Yet one of the most common phrases throughout the Bible is “fear not.” So often does this command appear in Scripture (and so often do preachers remind us of the fact) that we tend to gloss over it, reaching instead for more common, albeit temporary, relief from anxiety — food, alcohol, sex, money, drugs, entertainment, possessions, power. And how inadequate such remedies are in providing the deep stillness of heart that comes from truly trusting the Lord.
Oddly, the more my dog Heidi bared her teeth and bit me, the more tender I felt towards her, and the more I wanted to win her over. But she was an animal, not a human; I couldn’t reason with her. All I could do was persist in kindness, ply her with dog treats and hope for the best.

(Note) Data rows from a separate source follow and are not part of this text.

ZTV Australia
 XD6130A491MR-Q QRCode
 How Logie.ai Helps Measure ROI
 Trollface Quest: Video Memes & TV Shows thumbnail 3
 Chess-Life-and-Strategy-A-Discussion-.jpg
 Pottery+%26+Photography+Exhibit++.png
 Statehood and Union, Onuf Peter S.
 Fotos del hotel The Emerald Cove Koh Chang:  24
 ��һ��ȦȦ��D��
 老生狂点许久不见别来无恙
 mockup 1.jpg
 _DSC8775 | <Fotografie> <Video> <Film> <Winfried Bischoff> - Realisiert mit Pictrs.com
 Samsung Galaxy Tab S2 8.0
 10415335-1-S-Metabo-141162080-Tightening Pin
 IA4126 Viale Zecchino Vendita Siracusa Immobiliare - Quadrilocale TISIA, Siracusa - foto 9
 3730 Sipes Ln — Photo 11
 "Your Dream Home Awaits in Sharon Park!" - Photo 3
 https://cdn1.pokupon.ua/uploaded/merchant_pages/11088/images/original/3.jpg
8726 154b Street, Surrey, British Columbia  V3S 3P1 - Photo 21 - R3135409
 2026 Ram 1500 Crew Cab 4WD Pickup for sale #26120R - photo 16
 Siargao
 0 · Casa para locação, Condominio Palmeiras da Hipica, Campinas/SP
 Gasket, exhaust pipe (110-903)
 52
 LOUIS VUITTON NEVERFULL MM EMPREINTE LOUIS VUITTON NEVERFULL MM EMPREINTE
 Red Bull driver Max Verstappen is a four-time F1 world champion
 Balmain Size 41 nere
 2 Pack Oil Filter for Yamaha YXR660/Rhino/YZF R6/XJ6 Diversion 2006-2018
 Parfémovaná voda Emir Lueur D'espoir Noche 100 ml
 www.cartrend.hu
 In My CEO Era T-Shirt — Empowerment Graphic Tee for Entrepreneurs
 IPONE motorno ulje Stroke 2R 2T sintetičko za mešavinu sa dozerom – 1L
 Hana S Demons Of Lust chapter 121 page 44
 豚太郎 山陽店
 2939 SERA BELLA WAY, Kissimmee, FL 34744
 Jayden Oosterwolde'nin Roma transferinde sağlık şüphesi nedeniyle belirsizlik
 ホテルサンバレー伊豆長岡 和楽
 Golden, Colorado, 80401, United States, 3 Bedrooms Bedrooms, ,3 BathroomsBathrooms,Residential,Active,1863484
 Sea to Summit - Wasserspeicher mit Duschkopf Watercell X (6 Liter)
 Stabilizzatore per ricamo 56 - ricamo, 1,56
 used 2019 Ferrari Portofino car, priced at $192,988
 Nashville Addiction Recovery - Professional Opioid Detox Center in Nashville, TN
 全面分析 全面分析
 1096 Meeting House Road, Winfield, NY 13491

Fortunately, the Lord had a much surer means of regaining the trust of his fallen creatures. Rather than leave us imprisoned by sin, he came softly and silently as starlight, revealing himself not in blinding splendor, but as an infant among the lowly so that we might approach him without terror. Only in such humility could he “grant us that … without fear we might worship him in holiness and righteousness before him all our days” (Luke 1:73-74).
At the end of her life, as she became blind and crippled, Heidi did allow me to care for her without resistance. And while I was grateful for those moments, I lamented that she hadn’t been able to trust me sooner, so that we could have enjoyed our few years together.
This Christmas, let us surrender our hearts not to fear, but to the gentle God made man, who lays waiting for us in a manger, longing to melt our cares in his embrace.